The union is attempting to reopen the debate on the future of faith schools after plans were dropped to force faith schools to take 25% of new pupils from other or no faiths.
ATL has come to its conclusion following consultation its members on the role of faith schools.
ATL general secretary, Dr Mary Bousted, said: “We need schools which embrace the diversity within our community, not a diversity of schools dividing pupils and staff on religious grounds.
“Faith schools must become far more accountable if they are to continue getting the current level of tax-payers money. In a country which is becoming increasingly secular and multi-faith it is hard to justify public taxes being used to fund schools which discriminate against the majority of school children and potential staff on the grounds of their religious belief.
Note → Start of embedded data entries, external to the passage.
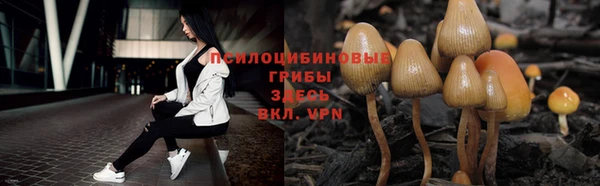 мдма Приозерск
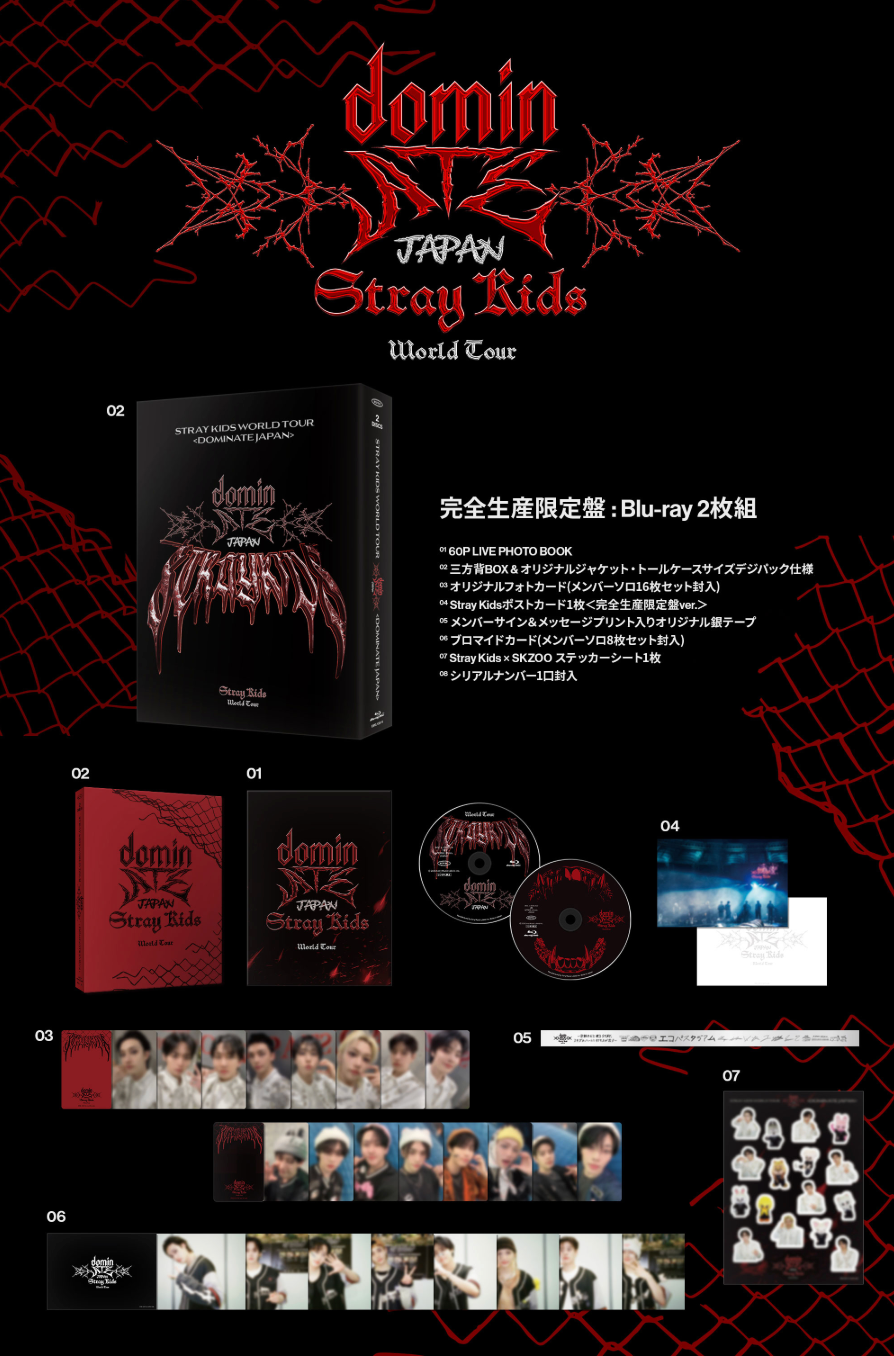 STRAY KIDS - WORLD TOUR 'DOMINATE JAPAN' (BLU-RAY)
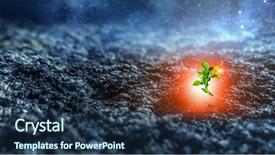  Presentation with new birth - Colorful slides enhanced with seedling desert - birth of new life backdrop and a navy blue colored foreground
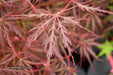 - Acer palmatum 'English Lace' Japanese Maple - Mr Maple │ Buy Japanese Maple Trees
”We acknowledge that some faith schools provide excellent teaching and are well integrated into their local community. However, too many do not and unless there are some important changes to the way faith schools operate we fear they will escalate divisions in society rather than help integrate our communities.”
Faith schools currently get grants from the state of up to 90% of the costs of school buildings and 100% of the running costs.
As a result of selective admissions pupils in faith schools are less likely to be entitled to free school meals, and are more likely to have English as their first language than the national average in schools across England.
As well as discriminating in school admissions in favour of children of parents who attend churches linked to schools, many faith schools are allowed to discriminate when they are employ staff. Voluntary aided faith schools can stipulate the beliefs of all their employees, and the fully local authority funded voluntary controlled faith schools are allowed to determine the faith of their head teacher.
ATL is calling for the level of school autonomy – over admissions and the curriculum – to depend on the school promoting community cohesion. It is also urging no extension of rights to be given to faith schools to refuse to employ staff on the basis of their religious belief.